Directions: Please return the lines below verbatim, beginning at the one that has "Agua Micelar Con" and stopping after the one that has "Cheburkov Knife Wolf", and add no other lines.

Data for analysis:
:::::
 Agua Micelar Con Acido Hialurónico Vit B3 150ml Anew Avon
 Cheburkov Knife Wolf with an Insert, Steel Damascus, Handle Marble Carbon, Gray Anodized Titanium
:::::
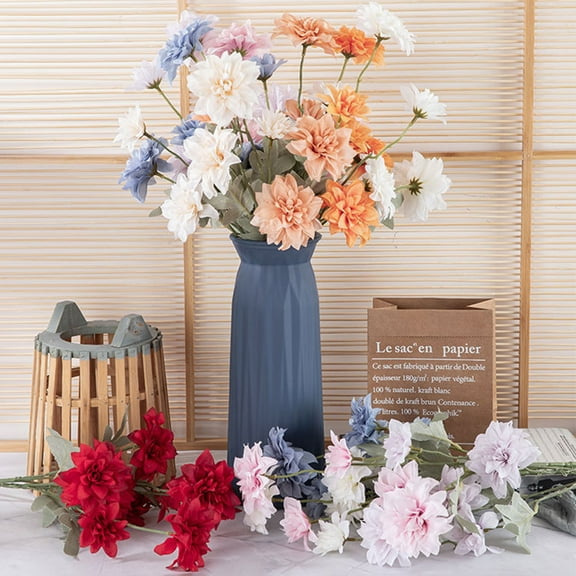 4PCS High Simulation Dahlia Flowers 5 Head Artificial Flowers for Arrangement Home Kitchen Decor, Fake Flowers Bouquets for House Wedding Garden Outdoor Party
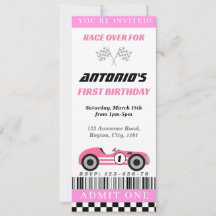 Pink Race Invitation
:::::
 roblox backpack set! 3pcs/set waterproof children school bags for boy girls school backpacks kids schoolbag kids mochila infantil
:::::
Exercise answer:
 Agua Micelar Con Acido Hialurónico Vit B3 150ml Anew Avon
 Cheburkov Knife Wolf with an Insert, Steel Damascus, Handle Marble Carbon, Gray Anodized Titanium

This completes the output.